Express vs NestJS — which is better?

Different answers to different problems. Express is a minimal HTTP layer; you assemble your own architecture on top. NestJS is an opinionated framework with DI, modules, and conventions. For solo developers and small teams, Express is faster to ship. For 8+ engineers on the same backend, NestJS structure pays back. NestJS sits on top of Express (or Fastify); they’re not always either-or.

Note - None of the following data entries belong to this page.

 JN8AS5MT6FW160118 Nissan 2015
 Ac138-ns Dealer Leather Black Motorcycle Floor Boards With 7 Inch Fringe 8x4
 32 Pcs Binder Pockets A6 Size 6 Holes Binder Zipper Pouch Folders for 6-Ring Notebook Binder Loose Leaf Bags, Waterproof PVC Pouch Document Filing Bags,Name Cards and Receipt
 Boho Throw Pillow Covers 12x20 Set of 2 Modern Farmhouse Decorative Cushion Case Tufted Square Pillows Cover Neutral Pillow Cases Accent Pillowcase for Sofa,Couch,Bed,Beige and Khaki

Is Fastify faster than Express?

Yes — by 5× in this benchmark on a real Postgres-backed API. The win comes from Fastify’s schema-driven response serialization (compiled JSON stringification via fast-json-stringify) and tighter request pipeline. In production with real database queries, the gap shrinks to roughly 1.5–2.5× because most of the latency is the database, not the framework. Full benchmark in the Express vs Fastify comparison.

Should I use Hono in 2026?

Yes if your runtime story is modern — Bun, Deno, Cloudflare Workers, or Node 24+ with a willingness to leave the Express ecosystem. Hono’s API is excellent and the cross-runtime portability is genuinely useful. Skip it if you’re locked to traditional Node hosting and the existing Express ecosystem matters more — Fastify is the better Node-only choice.

Is NestJS overkill?

For a solo developer building a small API, yes. For a team of 10 working on the same backend, no — the structure NestJS imposes is the structure you’d build by hand anyway. Pick by team size and project lifespan, not by feature checkbox. NestJS at 9.1M weekly downloads exceeds Fastify’s 6.7M precisely because enterprise teams find the structure valuable.

What framework does Bun work best with?

Hono and Elysia are both first-class on Bun. Express works but you’re losing Bun’s performance edge to Express’s overhead. If you’re committing to Bun, pick a framework that takes advantage of it. Fastify also runs on Bun but the schema serialization isn’t as well-tuned for Bun’s runtime as it is for Node’s V8.

Is Express dying?

“Dying” is the wrong frame. Express is not getting new adopters at meaningful rates — fewer than 5% of new projects in 2026 reach for it first. But its 92M weekly downloads reflect a decade of production usage and the install base of millions of existing projects, which will stay on Express for years. Express isn’t going anywhere; it’s just no longer the obvious default for greenfield work. Treat it like jQuery — still works, still maintained, no longer the answer for new things.

What about Encore.ts and Nitro?

Both are interesting in 2026. Encore.ts pairs a TypeScript framework with a Rust runtime that handles HTTP parsing outside the event loop, plus declarative infrastructure (databases, Pub/Sub, cron) right in code — strong fit for distributed services. Nitro is the H3-based engine that powers Nuxt 3 and is a credible framework on its own for cross-runtime apps, especially if you’re already in the Vue/Nuxt world. Neither has the install base of the big four yet, but both deserve a serious look if their use case fits.